Source information:

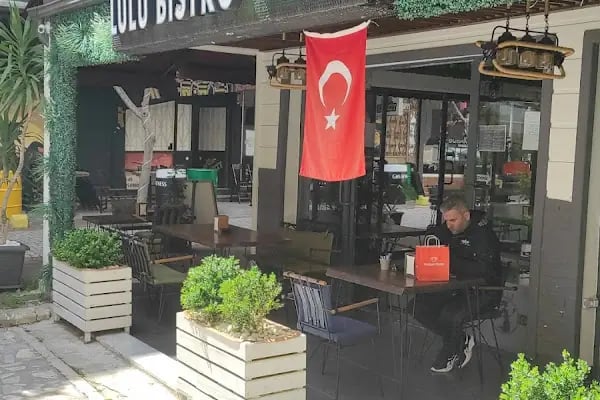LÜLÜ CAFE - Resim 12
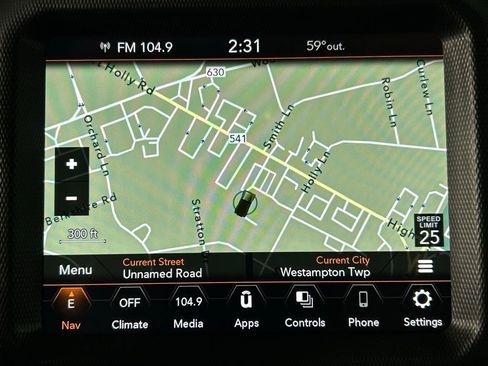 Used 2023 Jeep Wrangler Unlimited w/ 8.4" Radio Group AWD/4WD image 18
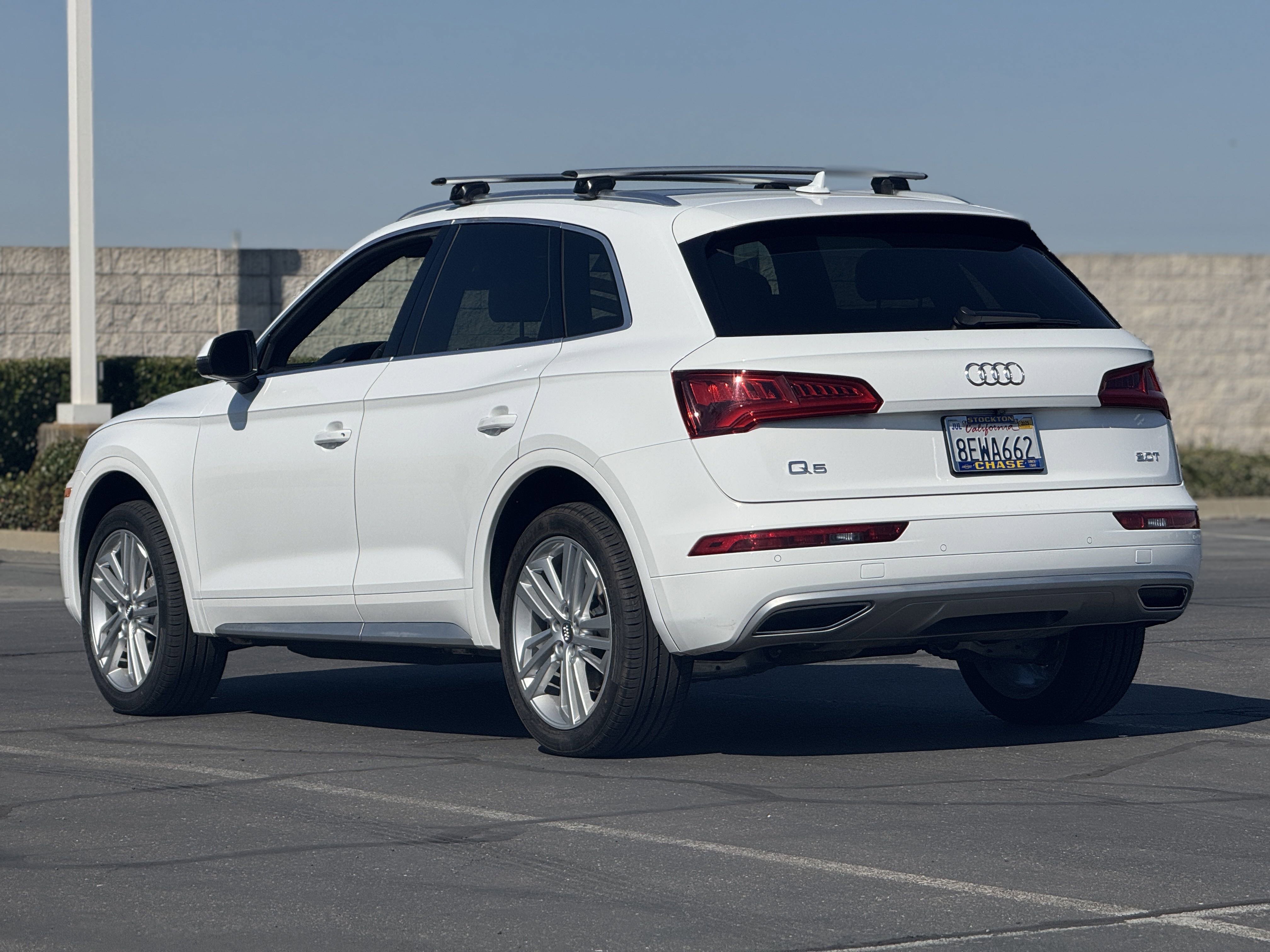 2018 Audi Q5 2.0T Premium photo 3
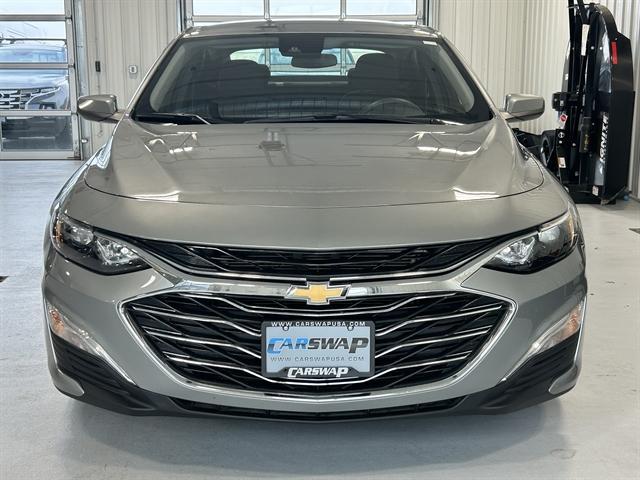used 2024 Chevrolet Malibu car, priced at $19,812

--

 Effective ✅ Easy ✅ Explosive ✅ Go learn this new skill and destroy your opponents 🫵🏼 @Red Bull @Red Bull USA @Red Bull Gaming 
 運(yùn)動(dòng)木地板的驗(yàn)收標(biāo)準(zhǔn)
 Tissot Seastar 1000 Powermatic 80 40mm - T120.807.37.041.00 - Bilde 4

What to produce: All that should be printed is the run of lines above from the one with "LÜLÜ CAFE - Resim 12" through the one with "used 2024 Chevrolet", both included, exactly as given, with pictures left out.

Task result:
LÜLÜ CAFE - Resim 12
 Used 2023 Jeep Wrangler Unlimited w/ 8.4" Radio Group AWD/4WD image 18
 2018 Audi Q5 2.0T Premium photo 3
used 2024 Chevrolet Malibu car, priced at $19,812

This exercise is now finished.